When I was there only 7 weeks ago, she and I talked about her sending Dad flowers, going to their beach house across the bay in Alibaug and planting more trees, drawing up her will, making peace with her sister, tying up loose ends with dignity. Now I’m thrilled when a modicum of her femininity kicks in as she instinctively smoothes back her hair upon seeing her doctor arrive.

My aunt swung by on her way back from dinner with a handful of mogra flowers. Mom always wore them in her hair, or hung them in her room near the air-conditioner when she got back from a party or her dance performance. It’s a smell I have fallen asleep to, a scent I associate with her and my childhood. The caretakers of her beach house came by with fresh flowers, yellow and white, from the frangipani trees she had planted there. The apartment was in bloom, it was spring.

Family and friends came to visit all the time. Absent Mom owning the welcome experience, I’d give them ice water and a few snacks. Of course they didn’t mind, but the poignancy of their empty plates was a double whammy. She would have never entertained visitors so poorly.

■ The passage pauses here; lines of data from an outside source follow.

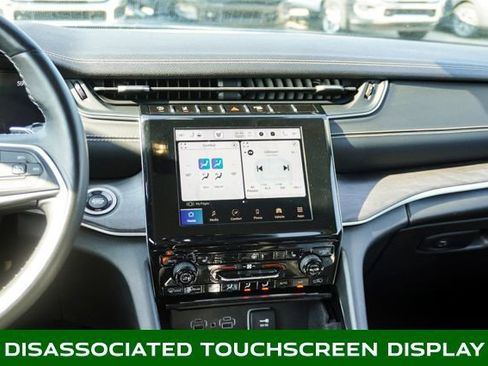 Used 2022 Jeep Grand Cherokee L Limited image 17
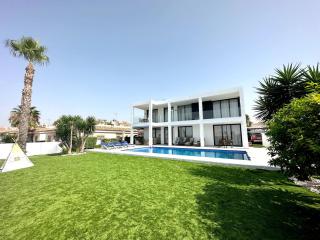 Luxury villa with large swimming pool and outdoor area - San Fulgencio - 5
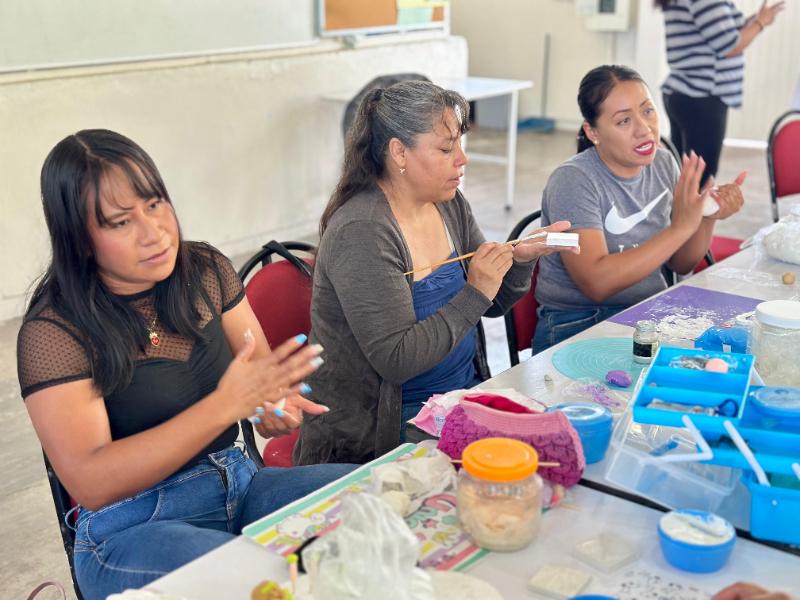 Mujeres de Imparables avanzan en la creación de sus propios negocios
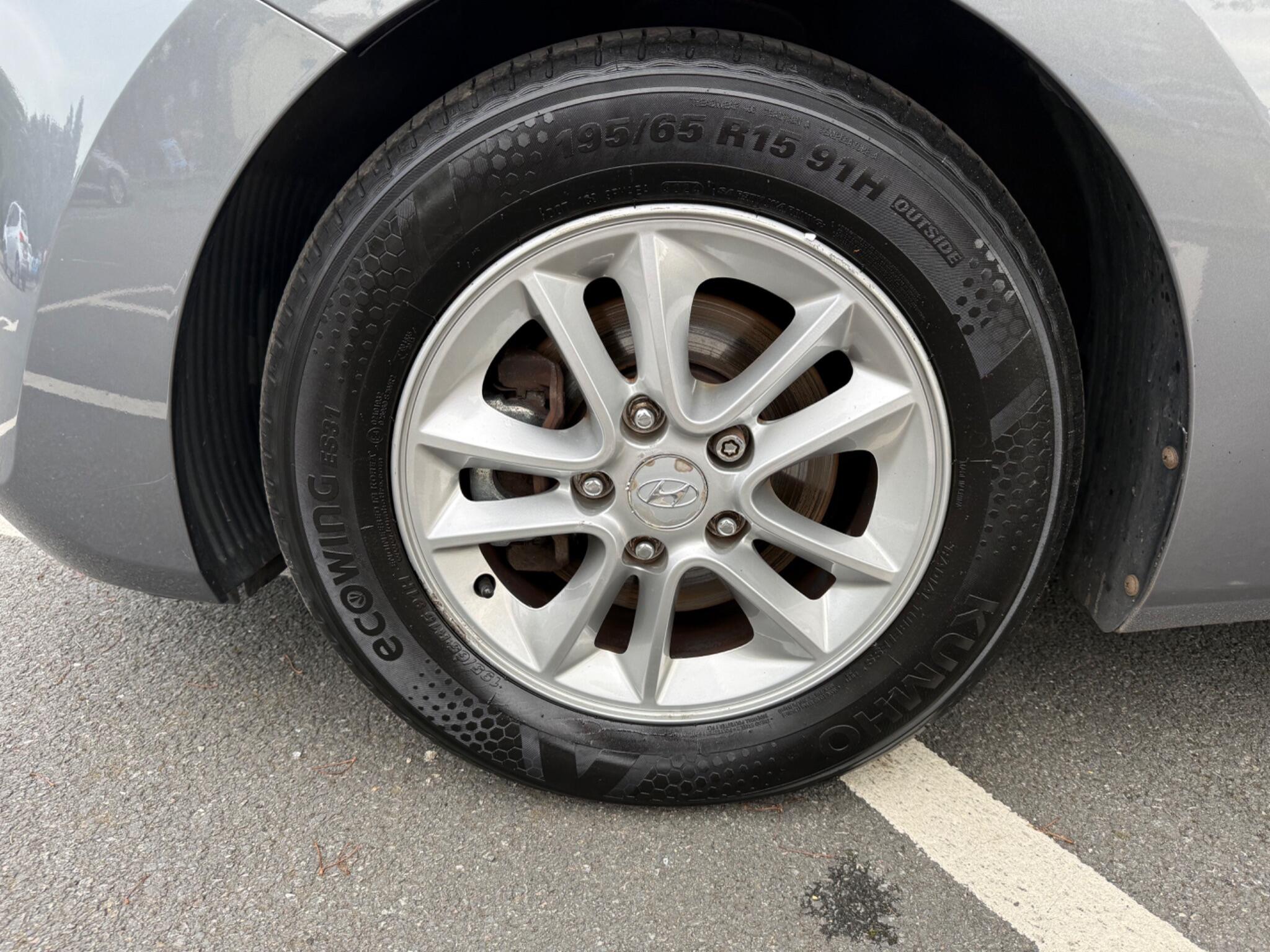 Hyundai i30 - Image 18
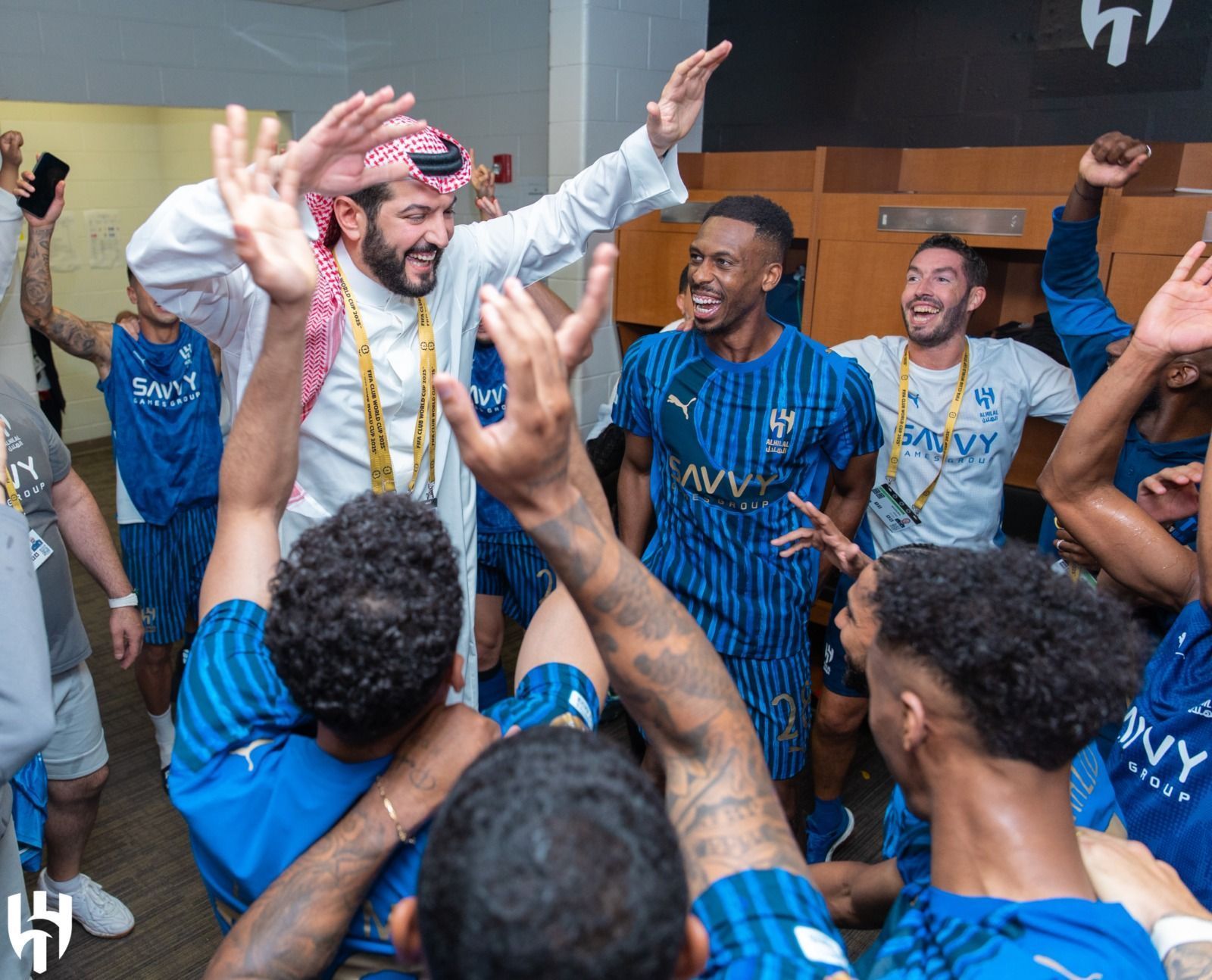 Jogadores do Al-Hilal 'vão à loucura' após anúncio de 'bicho' por vitória sobre o City
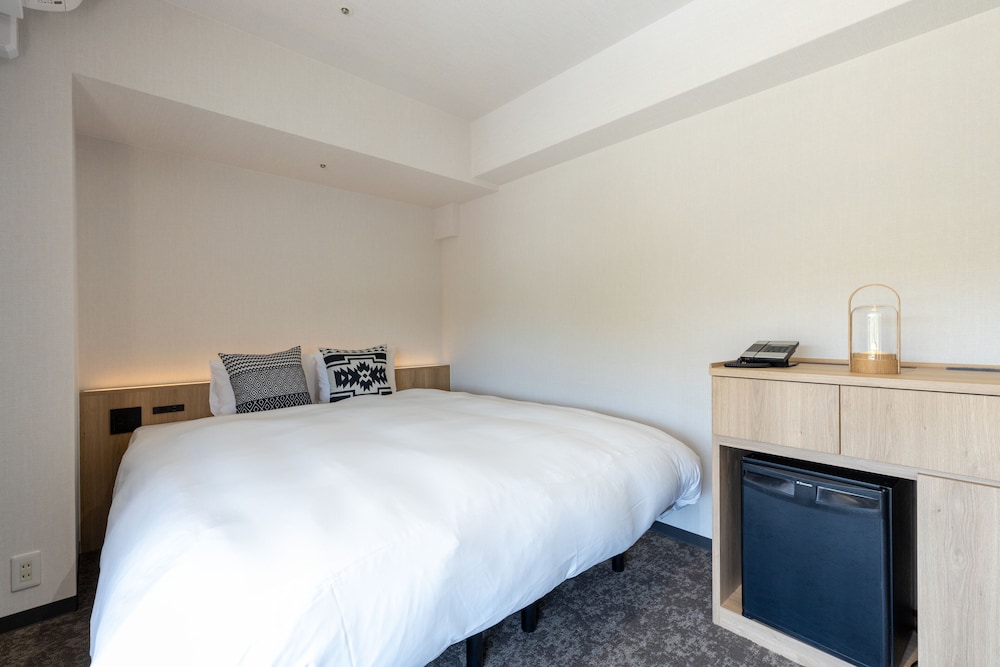 SUPERIOR, DOUBLE BED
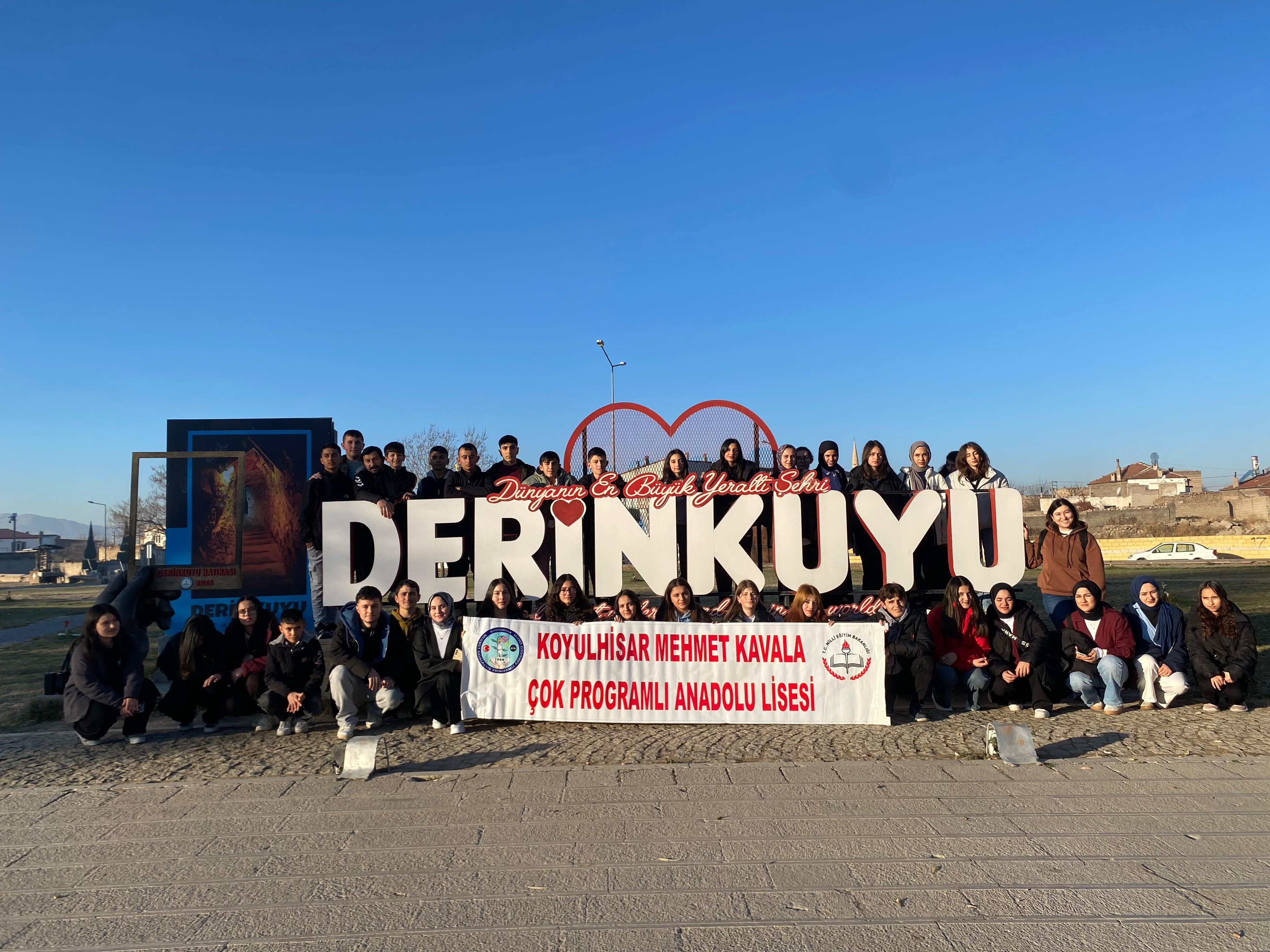 Koyulhisar'da lise öğrencilerine yönelik kültür gezisi düzenlendi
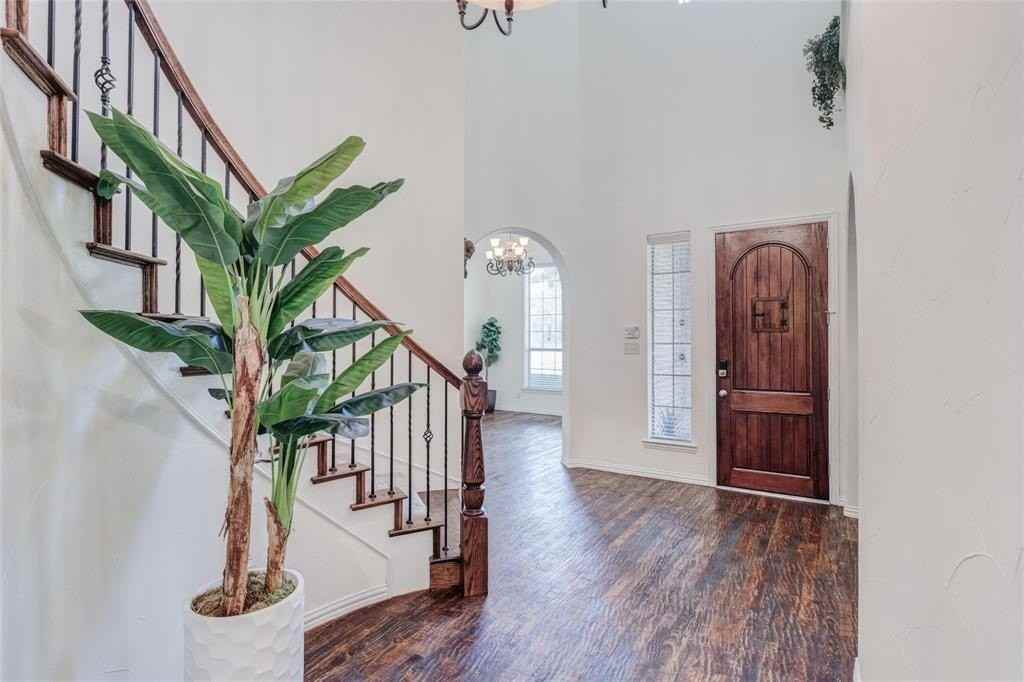 9823 Carriage Hill Ln - Photo 2 of 29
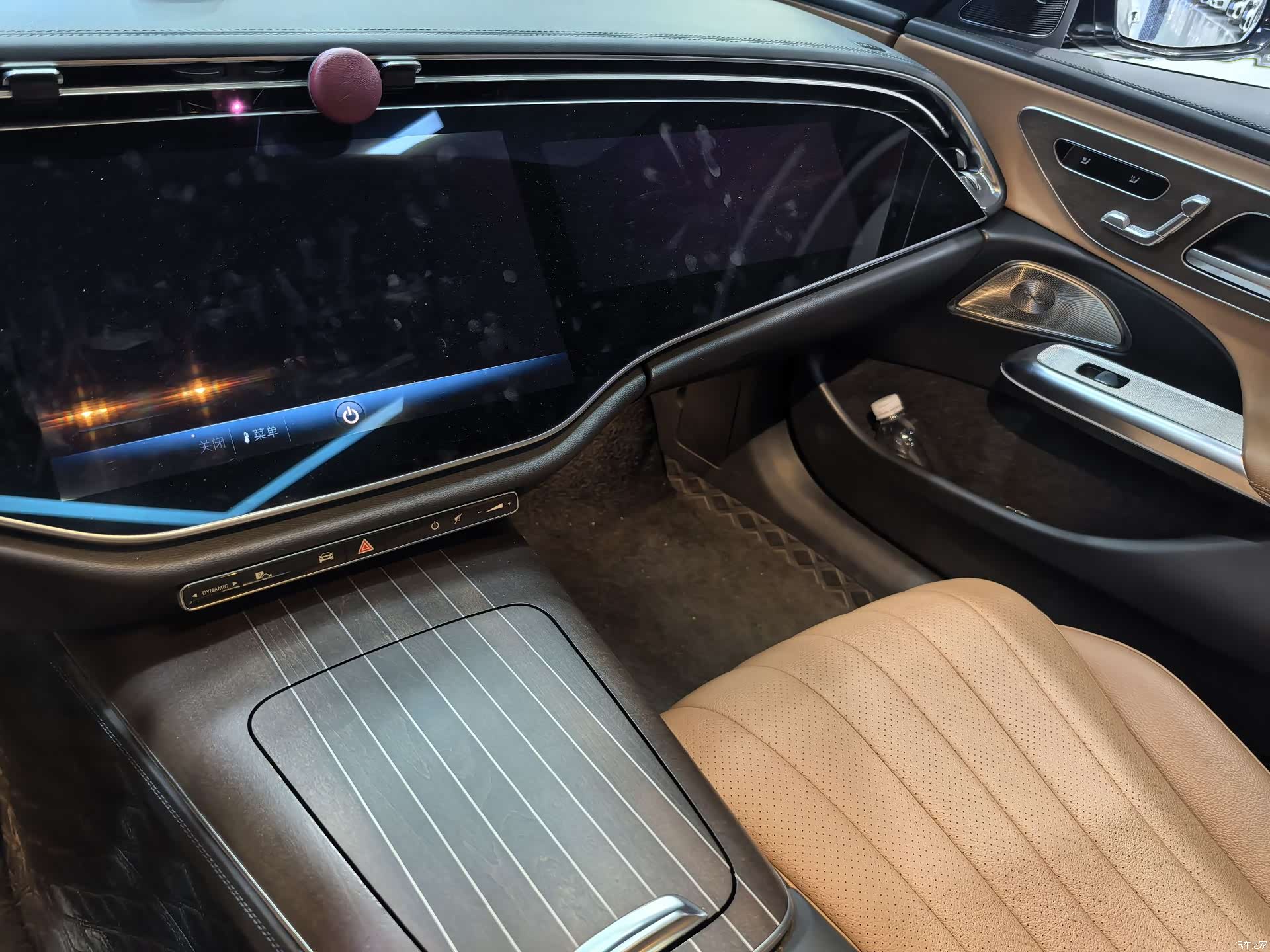 Mercedes-Benz E-Class, 2024 9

I left Mumbai after four weeks, handing off the baton to Ajay at the airport. The doctors said she could pass any day, or any week now. I had to get back to work, an open-ended stay wasn’t on the cards. I lay my head against her bosom and said goodbye. She didn’t stir.

10,000 miles later I landed in Washington, in the middle of a brilliant crackling thunderstorm. Ajay called from Mumbai and said she had passed away in her sleep. It was the day before Mother’s Day.

Garcia Marquez once wrote that love is not a means to an end, but a state of grace. As I think about spending Holy Week in Seville, I’ll be seeking that grace as well.